Il convient de noter que ces leaders ne sont pas les seuls à mettre sur pied des stratégies pour exister politiquement, d’ici les prochaines joutes. Il existe, en fait, au sein de l’opposition, d’autres plateformes, à l’image du Congrès de la renaissance démocratique (Crd) qui cherchent à se faire une place dans le landerneau politique. Toutefois, il parait difficile de mesurer le poids politique de cette entité du fait des leaders qui la composent. Il y a, entre autres, le leader du Mouvement Tekki, Mamadou Lamine Diallo devenu député par la formule du «plus fort reste», le patron de l’Alliance pour la citoyenneté et le travail (Act), Abdoul Mbaye et de Thierno Alassane Sall du mouvement pour la République des Valeurs, incapables tous les deux de dépasser l’épreuve du parrainage à la présidentielle dernière. A ceux-là s’ajoutent les responsables politiques comme Cheikh Guèye de la Ld Debout membre de la “Taxawu Senegaal“, du Professeur Bouba Diop, coordonnateur de Taxaw temm, ou encore du Juge Ibrahima Dème du mouvement “Ensemble“, etc.
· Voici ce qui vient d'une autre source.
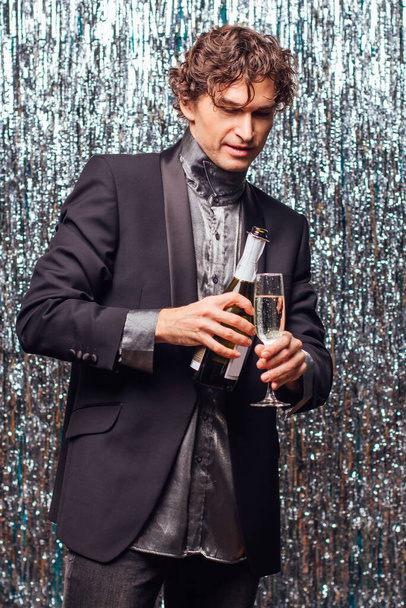 Holidays concept - happy tipsy man with bottle of champagne and wine glass at christmas or new year party on a sparkle background. - Foto, Bild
Cette plateforme qui a fait de la lutte pour la transparence dans la gestion des ressources naturelles du pays son cheval de bataille ne compte pas rester inerte dans ce jeu de calcul dans lequel se livrent les acteurs politiques à l’horizon 2024, et pourquoi pas bien avant avec les locales et législatives prochaines.